━━━━━ Materials provided

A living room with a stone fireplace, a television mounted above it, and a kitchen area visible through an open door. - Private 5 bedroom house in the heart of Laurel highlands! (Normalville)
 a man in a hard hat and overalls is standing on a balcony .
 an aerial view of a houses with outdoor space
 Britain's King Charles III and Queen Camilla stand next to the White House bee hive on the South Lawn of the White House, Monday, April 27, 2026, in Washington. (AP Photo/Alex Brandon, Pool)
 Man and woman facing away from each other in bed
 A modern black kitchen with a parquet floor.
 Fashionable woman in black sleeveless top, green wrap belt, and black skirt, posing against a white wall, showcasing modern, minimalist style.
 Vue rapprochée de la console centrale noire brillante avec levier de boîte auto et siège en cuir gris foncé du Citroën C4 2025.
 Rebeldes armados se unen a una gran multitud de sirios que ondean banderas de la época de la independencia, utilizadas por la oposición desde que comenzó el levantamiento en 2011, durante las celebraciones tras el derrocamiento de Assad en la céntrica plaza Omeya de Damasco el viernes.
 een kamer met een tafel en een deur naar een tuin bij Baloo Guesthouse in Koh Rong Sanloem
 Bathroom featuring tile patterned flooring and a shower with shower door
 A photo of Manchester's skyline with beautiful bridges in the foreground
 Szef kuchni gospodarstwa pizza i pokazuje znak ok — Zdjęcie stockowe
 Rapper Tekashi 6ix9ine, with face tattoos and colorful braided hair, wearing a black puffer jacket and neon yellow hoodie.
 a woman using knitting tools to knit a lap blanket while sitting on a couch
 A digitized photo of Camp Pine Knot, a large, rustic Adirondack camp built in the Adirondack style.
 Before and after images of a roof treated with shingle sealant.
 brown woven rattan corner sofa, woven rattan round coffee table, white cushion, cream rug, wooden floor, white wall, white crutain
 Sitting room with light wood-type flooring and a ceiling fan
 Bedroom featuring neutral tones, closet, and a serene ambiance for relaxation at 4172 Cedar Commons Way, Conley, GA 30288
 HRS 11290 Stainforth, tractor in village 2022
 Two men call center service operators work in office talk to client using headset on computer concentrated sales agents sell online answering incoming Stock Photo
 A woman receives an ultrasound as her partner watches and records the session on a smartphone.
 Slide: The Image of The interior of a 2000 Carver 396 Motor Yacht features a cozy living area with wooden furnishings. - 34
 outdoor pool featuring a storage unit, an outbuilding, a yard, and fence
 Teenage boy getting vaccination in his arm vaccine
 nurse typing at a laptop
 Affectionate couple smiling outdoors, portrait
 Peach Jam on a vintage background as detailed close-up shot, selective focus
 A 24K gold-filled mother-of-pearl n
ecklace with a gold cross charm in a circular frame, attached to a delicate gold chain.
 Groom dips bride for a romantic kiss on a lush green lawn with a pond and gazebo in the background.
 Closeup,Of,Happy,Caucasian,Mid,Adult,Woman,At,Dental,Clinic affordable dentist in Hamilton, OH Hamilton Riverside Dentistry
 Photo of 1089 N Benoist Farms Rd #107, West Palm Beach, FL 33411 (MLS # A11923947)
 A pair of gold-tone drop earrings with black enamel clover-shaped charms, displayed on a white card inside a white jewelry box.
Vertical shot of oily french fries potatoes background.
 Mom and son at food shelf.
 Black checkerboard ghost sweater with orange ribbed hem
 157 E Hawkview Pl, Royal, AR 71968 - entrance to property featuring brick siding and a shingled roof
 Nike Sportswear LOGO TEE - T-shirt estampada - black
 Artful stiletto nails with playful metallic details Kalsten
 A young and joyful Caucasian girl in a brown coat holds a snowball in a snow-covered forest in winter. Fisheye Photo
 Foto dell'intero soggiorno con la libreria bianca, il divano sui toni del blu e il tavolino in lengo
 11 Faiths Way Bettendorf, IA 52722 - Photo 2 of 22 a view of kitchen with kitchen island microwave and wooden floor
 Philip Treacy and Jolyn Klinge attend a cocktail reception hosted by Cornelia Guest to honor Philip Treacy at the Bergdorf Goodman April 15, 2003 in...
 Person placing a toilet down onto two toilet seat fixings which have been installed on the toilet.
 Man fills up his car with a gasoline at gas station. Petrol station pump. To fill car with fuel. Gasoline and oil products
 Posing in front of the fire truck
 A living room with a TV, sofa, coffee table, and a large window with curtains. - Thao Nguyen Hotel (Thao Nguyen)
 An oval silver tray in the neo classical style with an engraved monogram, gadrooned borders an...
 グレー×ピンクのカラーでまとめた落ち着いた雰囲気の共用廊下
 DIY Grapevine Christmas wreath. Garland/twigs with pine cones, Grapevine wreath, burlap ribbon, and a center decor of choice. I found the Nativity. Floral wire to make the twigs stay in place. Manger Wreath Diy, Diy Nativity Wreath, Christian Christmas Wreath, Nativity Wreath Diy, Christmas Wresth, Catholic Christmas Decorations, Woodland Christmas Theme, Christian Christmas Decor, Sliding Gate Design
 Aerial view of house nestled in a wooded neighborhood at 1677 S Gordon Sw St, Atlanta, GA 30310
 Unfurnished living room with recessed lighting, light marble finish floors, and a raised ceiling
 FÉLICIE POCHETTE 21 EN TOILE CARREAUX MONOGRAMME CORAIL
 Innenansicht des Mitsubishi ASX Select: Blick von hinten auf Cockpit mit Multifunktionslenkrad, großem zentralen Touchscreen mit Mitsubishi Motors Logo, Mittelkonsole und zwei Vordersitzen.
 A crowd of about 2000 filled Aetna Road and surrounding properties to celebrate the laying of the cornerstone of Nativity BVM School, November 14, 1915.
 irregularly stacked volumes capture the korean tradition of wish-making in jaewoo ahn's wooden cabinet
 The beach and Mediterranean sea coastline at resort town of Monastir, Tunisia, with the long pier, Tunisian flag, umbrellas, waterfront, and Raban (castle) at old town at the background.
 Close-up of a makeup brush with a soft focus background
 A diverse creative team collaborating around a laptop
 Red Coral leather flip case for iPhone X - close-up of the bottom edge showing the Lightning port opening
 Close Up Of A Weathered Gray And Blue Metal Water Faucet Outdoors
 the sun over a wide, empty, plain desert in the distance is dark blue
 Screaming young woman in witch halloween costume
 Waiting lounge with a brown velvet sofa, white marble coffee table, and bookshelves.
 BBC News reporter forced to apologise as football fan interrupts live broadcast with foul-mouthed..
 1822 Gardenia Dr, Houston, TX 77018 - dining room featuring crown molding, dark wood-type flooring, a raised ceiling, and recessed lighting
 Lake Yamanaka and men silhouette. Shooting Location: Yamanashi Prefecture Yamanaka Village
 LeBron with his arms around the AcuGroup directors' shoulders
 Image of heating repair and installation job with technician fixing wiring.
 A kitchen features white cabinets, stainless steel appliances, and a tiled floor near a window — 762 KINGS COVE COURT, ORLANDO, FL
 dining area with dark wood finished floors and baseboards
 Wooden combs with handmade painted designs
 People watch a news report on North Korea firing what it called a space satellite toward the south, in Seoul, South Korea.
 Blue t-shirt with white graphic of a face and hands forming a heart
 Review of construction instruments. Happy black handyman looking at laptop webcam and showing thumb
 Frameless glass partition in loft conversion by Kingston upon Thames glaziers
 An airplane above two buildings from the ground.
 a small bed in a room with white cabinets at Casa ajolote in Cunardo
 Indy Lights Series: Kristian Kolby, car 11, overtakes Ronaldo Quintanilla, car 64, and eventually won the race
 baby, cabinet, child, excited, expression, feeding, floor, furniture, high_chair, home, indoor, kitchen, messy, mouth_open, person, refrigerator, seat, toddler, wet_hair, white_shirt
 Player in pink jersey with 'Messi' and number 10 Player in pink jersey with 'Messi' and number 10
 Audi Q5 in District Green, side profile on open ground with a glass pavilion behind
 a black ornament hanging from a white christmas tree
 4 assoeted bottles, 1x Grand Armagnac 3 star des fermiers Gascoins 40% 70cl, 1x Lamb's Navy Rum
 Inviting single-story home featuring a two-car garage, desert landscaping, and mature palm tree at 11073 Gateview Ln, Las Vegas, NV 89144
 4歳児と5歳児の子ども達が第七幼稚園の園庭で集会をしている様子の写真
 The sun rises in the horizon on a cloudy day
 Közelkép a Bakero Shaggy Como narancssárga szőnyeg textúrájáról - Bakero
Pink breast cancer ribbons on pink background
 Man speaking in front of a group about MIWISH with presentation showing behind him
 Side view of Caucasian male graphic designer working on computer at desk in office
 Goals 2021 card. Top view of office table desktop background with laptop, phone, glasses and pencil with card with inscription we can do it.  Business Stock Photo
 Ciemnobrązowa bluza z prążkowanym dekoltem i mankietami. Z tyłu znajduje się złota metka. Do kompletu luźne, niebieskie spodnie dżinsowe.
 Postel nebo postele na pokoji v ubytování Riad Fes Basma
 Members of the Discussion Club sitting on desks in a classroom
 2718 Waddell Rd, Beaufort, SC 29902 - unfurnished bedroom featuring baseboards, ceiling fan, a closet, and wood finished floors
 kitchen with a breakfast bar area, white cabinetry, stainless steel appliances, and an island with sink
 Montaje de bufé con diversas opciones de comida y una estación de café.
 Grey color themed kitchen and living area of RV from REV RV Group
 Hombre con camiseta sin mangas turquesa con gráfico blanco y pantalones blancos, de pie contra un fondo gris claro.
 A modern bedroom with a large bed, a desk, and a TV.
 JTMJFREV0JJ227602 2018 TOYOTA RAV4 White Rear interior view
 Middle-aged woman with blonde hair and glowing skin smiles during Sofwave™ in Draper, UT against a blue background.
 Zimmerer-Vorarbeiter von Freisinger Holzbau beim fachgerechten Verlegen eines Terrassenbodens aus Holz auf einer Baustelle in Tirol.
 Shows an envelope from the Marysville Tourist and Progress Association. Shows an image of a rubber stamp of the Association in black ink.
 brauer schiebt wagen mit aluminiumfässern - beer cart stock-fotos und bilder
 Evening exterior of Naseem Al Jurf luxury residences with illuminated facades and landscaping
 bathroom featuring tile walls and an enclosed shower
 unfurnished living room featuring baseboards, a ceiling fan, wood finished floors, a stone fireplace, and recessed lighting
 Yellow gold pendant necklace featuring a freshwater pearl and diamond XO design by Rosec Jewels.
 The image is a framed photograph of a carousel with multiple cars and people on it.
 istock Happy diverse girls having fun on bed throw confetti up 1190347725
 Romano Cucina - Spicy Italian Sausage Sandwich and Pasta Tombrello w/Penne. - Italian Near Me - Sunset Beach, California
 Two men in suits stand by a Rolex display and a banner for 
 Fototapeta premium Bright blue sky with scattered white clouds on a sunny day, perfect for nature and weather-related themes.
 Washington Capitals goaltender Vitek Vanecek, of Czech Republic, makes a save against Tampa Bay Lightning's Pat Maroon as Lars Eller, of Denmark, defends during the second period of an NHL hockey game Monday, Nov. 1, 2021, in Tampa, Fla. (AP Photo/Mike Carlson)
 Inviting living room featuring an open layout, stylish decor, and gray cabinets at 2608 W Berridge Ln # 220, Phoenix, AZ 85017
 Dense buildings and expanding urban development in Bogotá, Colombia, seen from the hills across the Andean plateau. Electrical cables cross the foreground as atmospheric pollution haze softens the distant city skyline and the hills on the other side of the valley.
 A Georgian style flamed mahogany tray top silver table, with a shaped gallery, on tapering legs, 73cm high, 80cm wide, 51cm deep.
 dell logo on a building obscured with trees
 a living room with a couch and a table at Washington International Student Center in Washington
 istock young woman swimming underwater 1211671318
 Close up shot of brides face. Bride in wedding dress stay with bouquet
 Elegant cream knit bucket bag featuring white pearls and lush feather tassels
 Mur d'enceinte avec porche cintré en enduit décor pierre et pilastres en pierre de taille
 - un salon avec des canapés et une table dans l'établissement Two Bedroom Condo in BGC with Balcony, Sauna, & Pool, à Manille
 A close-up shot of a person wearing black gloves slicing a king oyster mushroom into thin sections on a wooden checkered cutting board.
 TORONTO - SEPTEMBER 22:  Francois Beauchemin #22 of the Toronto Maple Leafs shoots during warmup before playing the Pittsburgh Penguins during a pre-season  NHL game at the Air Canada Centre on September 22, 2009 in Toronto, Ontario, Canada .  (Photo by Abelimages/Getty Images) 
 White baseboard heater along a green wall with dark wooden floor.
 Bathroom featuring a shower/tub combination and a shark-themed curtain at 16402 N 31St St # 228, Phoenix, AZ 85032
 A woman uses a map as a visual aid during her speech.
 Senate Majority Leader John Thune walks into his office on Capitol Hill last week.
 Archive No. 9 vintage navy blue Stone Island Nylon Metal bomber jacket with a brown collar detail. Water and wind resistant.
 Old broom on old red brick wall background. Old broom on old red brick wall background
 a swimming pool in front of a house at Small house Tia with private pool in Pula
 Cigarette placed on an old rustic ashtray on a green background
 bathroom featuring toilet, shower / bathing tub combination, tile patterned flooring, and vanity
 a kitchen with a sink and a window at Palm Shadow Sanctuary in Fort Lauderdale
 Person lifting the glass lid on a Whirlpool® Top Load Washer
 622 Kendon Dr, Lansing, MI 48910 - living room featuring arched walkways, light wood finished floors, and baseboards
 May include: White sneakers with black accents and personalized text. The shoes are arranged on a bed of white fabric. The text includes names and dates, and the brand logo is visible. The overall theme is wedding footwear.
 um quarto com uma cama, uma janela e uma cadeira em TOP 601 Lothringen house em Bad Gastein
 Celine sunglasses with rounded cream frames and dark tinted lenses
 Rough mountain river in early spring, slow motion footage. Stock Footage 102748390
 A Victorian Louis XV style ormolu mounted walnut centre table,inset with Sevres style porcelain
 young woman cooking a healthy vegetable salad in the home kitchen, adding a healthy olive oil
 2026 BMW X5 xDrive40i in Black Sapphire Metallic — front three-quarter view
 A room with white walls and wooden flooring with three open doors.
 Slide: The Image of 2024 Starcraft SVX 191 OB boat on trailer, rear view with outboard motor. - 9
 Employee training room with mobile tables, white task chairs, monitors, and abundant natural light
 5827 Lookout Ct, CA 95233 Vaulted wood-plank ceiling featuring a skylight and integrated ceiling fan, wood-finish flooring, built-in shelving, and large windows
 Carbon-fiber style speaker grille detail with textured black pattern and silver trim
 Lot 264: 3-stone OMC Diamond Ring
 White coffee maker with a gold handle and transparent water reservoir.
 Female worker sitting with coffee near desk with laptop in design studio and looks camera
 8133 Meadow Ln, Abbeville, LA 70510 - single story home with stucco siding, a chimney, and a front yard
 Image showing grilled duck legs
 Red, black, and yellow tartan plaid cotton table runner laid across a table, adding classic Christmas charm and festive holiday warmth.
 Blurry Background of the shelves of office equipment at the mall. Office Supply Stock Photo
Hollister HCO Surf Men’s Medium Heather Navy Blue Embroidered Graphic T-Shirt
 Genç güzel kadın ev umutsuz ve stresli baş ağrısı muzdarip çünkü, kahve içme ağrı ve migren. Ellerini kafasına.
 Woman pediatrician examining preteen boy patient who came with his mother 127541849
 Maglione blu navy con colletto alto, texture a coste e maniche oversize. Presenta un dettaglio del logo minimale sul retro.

━━━━━━━━━━

In the data above, find each line that uses the string "features". Copy it.

◆ **Solution for this exercise**
 Slide: The Image of The interior of a 2000 Carver 396 Motor Yacht features a cozy living area with wooden furnishings. - 34
 A kitchen features white cabinets, stainless steel appliances, and a tiled floor near a window — 762 KINGS COVE COURT, ORLANDO, FL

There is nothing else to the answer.